Data Collector encryption
For new Data Collectors, asymmetric encryption requires some initial setup. When you add a Data Collector in the Portal, you download the registration file and then point to that location when you install the Data Collector software on the collector server.
For existing Data Collectors, registration file generation for asymmetric encryption can occur at any time. You can opt-in to encrypt/decrypt credentials.
For a new installation, the registration file must first be generated in the Portal. Next, the registration file location must be entered as part of the Data Collector installation process.
To activate encryption for new Data Collectors
- Navigate to Admin > Data Collection > Collector Administration.
- Click Add Collector.
- Click Generate Registration File.
- Click OK to proceed and download the registration file to your local system.
- Copy the
<collectorname>.jsonfile to a temporary location.
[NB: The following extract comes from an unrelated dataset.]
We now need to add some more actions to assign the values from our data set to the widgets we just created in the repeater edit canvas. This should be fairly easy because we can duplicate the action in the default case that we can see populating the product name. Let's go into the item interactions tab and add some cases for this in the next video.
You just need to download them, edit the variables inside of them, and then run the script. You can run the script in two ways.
You will be prompted for this location during the Data Collector installation. - Install the Data Collector software on the Data Collector server.
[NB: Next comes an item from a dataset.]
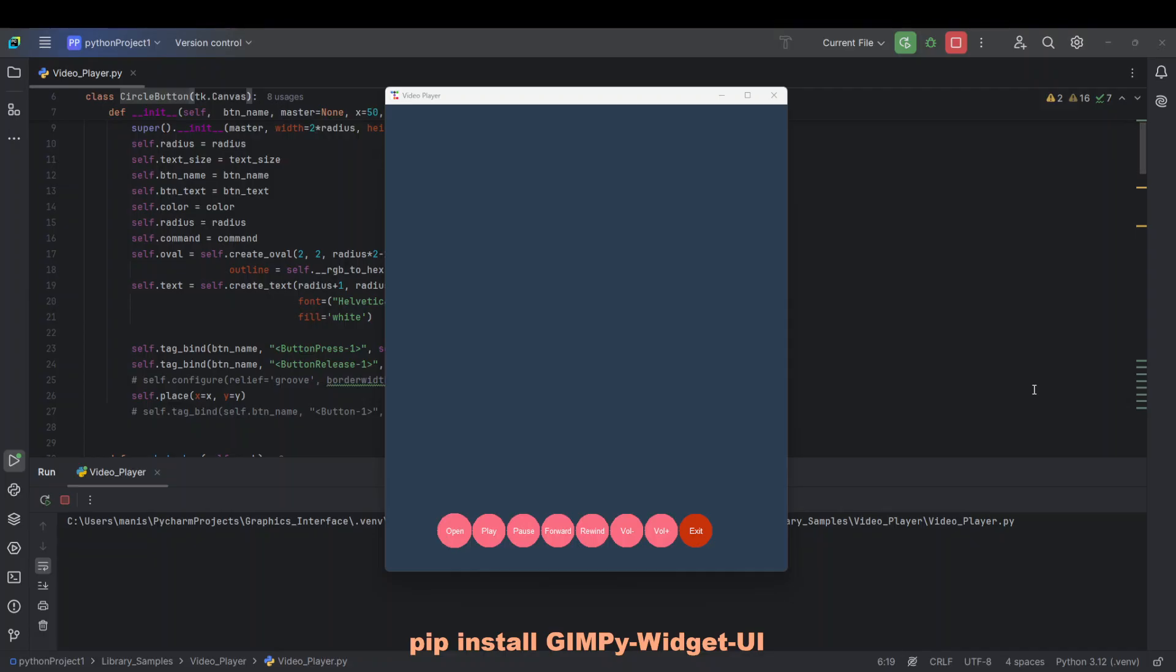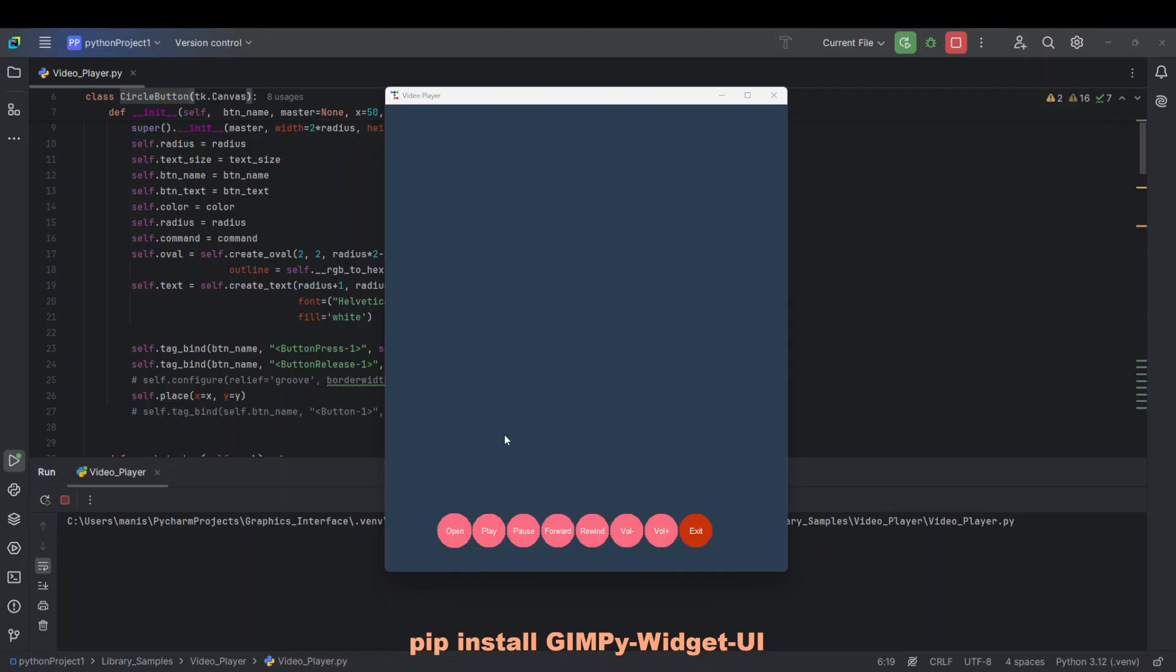This is a very quick video to demonstrate how we can inherit from Canvas class to create round buttons. Most of the code here was AI generated, it's a video player, so the classes to play the video were generated by AI.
In an upgrade scenario, you can change the encryption method to asymmetric and add the extra layer of security to active Data Collector policies.
To activate encryption for existing Data Collectors
- Stop the Data Collector.
- In the Portal, search for Collector by name. Search returns results at the folder level and within the folder.
Alternatively, select Admin > Data Collection > Collector Administration to browse for a collector. A list of currently configured Portal Data Collectors is displayed.
- Select a Data Collector from the list.
- Click Edit.
- Click Generate Registration File.
Note:
When generating a replacement registration file, for example a registration file is lost or data has been corrupted the following applies: active policies associated with the collector are disabled and their credentials are invalidated. For each policy associated with the collector, you must re-enter all credentials and re-enable the policy.
- Click OK to proceed and download the registration file to your local system.
- Copy the
<collectorname>.jsonfile to a temporary location on the collector server. - Execute reconfigureDC.bat/sh <registration file path>.